Thanks to a comprehensive conservation effort, the exceptionally diverse Belize Barrier Reef has recovered so much that it has been removed from the UNESCO List of World Heritage in Danger sites. “At a time when we are seeing numerous threats to World Heritage sites, Belize’s government has taken real action to protect one of the world’s most special places,” World Wildlife Fund International director general Marco Lambertini told EcoWatch. “We have seen an incredible turnaround from when the reef was being threatened by seismic testing for oil just 18 months ago.” The decision to remove the Belize Barrier Reef from the ‘In Danger’ sites list arrives five months after Belize passed legislation banning all oil exploratory activity in its waters.

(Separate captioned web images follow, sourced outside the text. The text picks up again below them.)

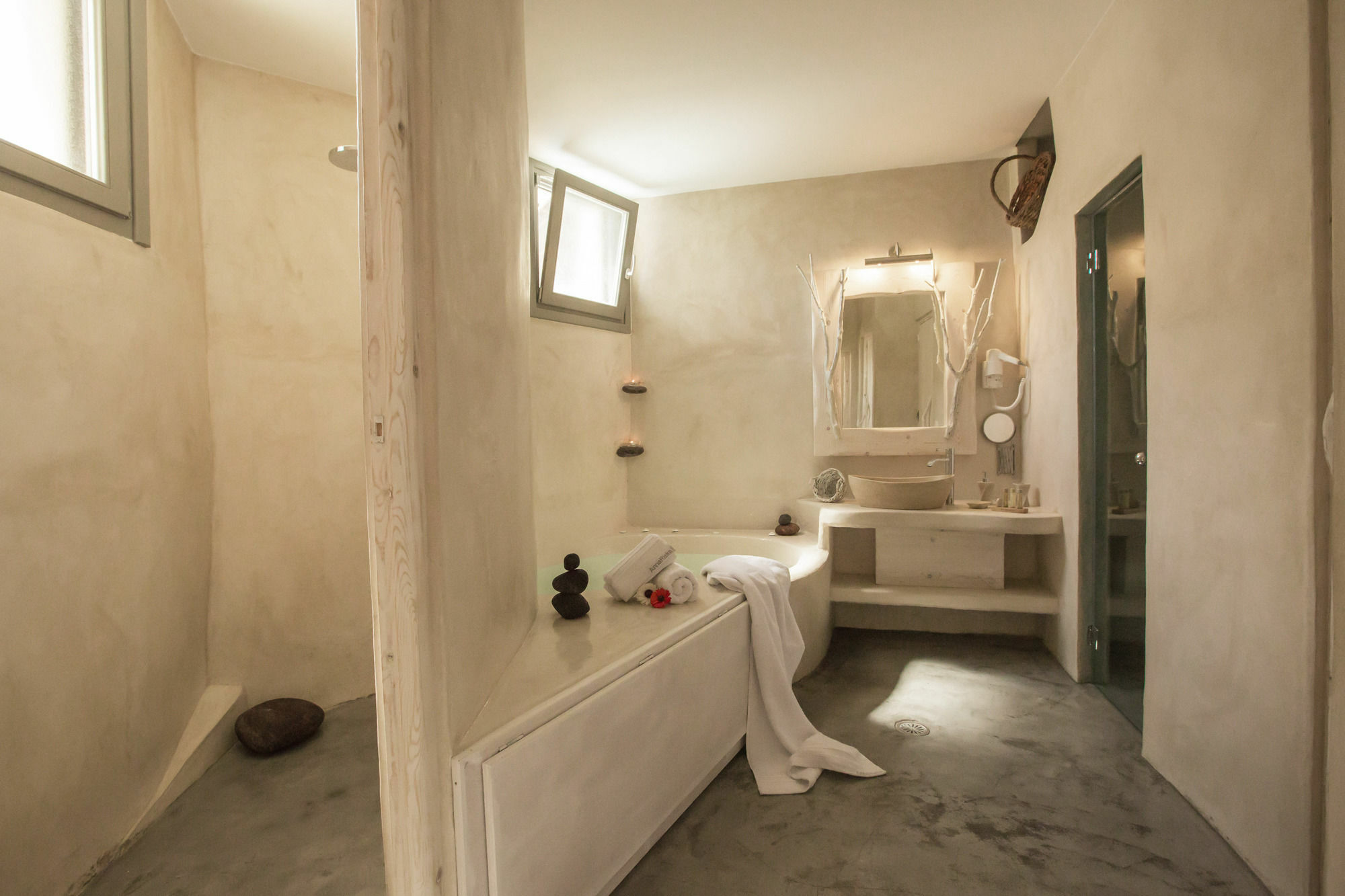 Love Nest Villa Akrotírion Екстериор снимка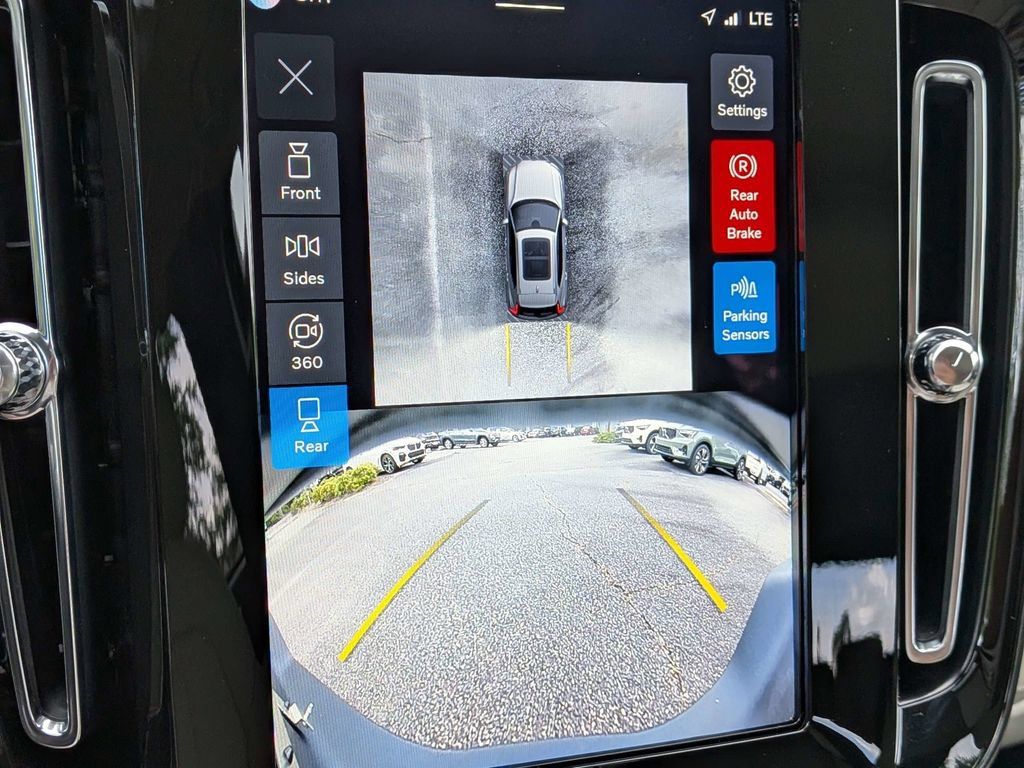 Certified 2026 Volvo XC40 B5 Plus AWD/4WD image 22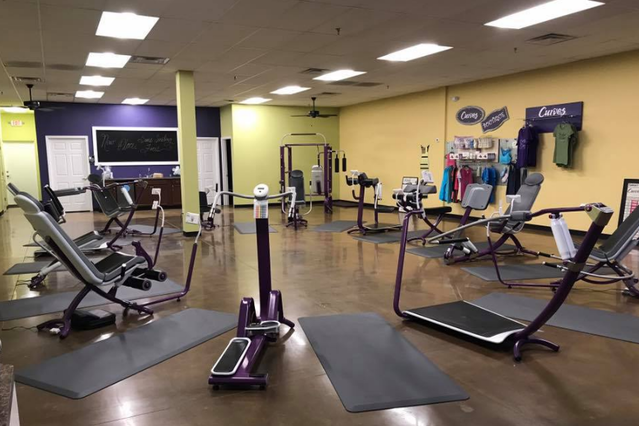 Image 1 from Curves -Saint Charles - New Town partner gallery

The second largest reef system in the world, the Belize Barrier Reef provides habitat for 1,400 species, including vulnerable species of shark, sea turtle and manatee. The reef also provides food and economic opportunity for almost half of Belize’s population while serving as a natural barrier against extreme weather. First classified as a UNESCO World Heritage site in 1996, it was later added to the In Danger list in 2009 in response to increased oil exploration activity and damaging coastal construction.
As a result of a coordinated worldwide campaign, Belize, one of only three countries to ban all offshore oil exploration, put its barrier reef under protection. That effort is already bearing fruit. “Belizeans stood up to protect their reef, with hundreds of thousands more globally joining the campaign to save our shared heritage,” Lambertini said. “In taking swift collaborative action, Belize has shown that it is possible to reverse nature loss and create a sustainable future.” Belize is aiming to take its conservation to the next level by considering bans on single-use plastic products that threaten marine life.